#### [INSTRUCTIONS TO FOLLOW]
Everything from the line containing "El techo de" to the end of the listing, both included, should be returned exactly, apart from the pictures.

**** RECORDS PROVIDED ****

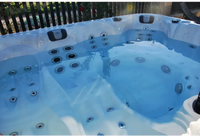 Vit PassionSpa Desire Spabad med vit badkar blåvatten och jetmunstycken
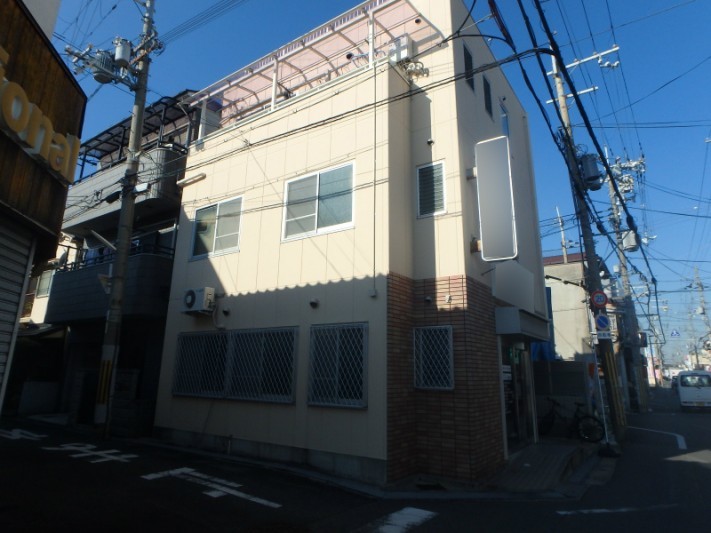三階建てのALC外壁の賃貸物件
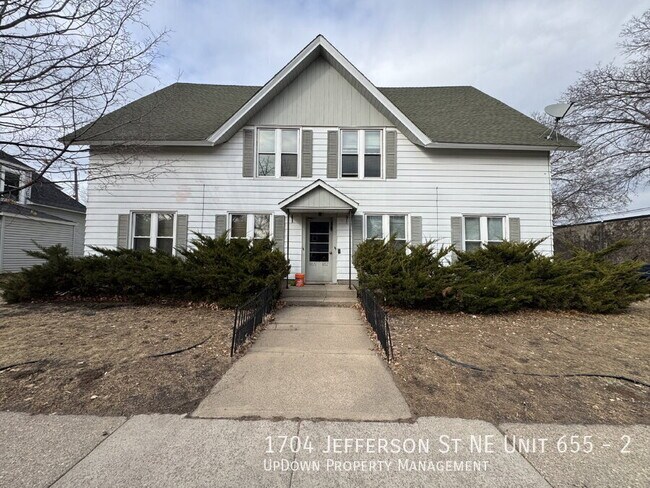 Photo - 1704 Jefferson St NE Unit 2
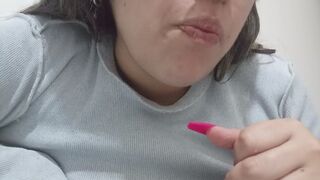 unsuspecting giantess - they get into her mouth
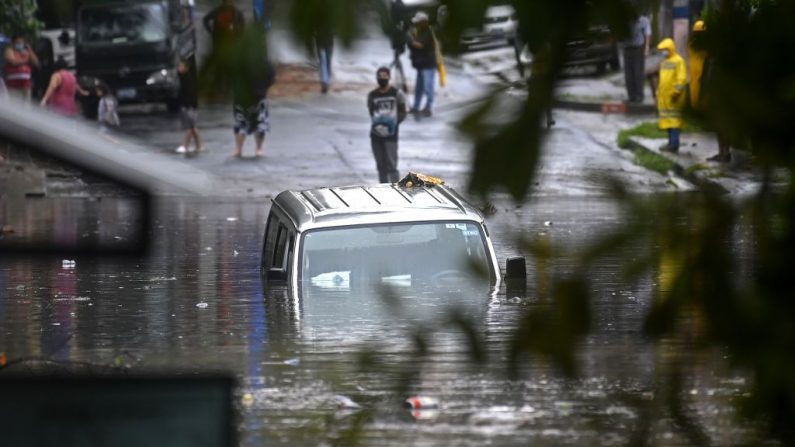 El techo de un vehículo sumergido en visto en el inundado barrio de Santa Lucía en Ilopango, El Salvador, durante la tormenta tropical Amanda, el 31 de mayo de 2020. (MARVIN RECINOS/AFP vía Getty Images)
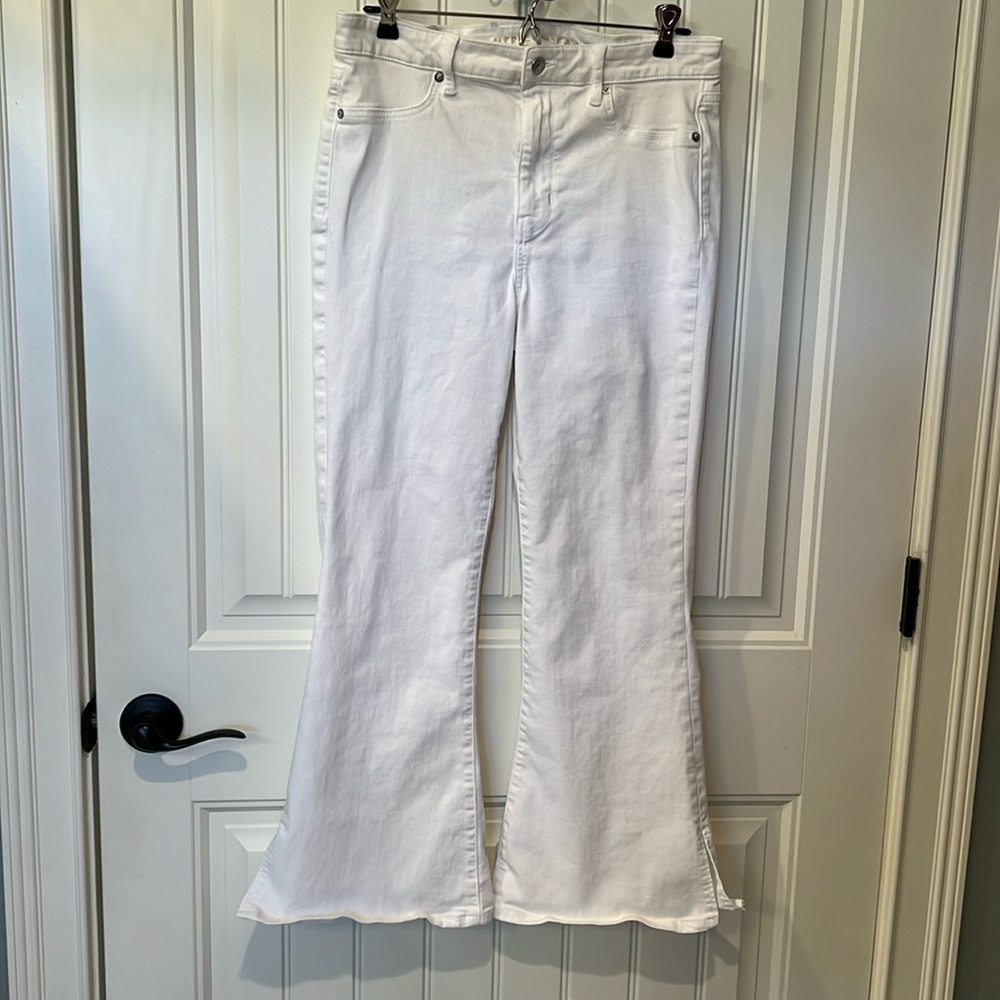 American Eagle white super high rise flare jeans 10 short EUC
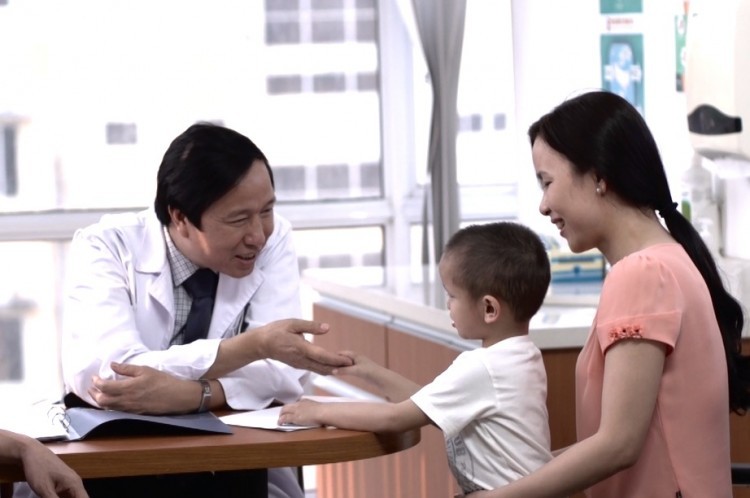 GS. Nguyễn Thanh Liêm thăm khám cho trẻ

****

#### [EXERCISE ANSWER]
 El techo de un vehículo sumergido en visto en el inundado barrio de Santa Lucía en Ilopango, El Salvador, durante la tormenta tropical Amanda, el 31 de mayo de 2020. (MARVIN RECINOS/AFP vía Getty Images)
 American Eagle white super high rise flare jeans 10 short EUC
 GS. Nguyễn Thanh Liêm thăm khám cho trẻ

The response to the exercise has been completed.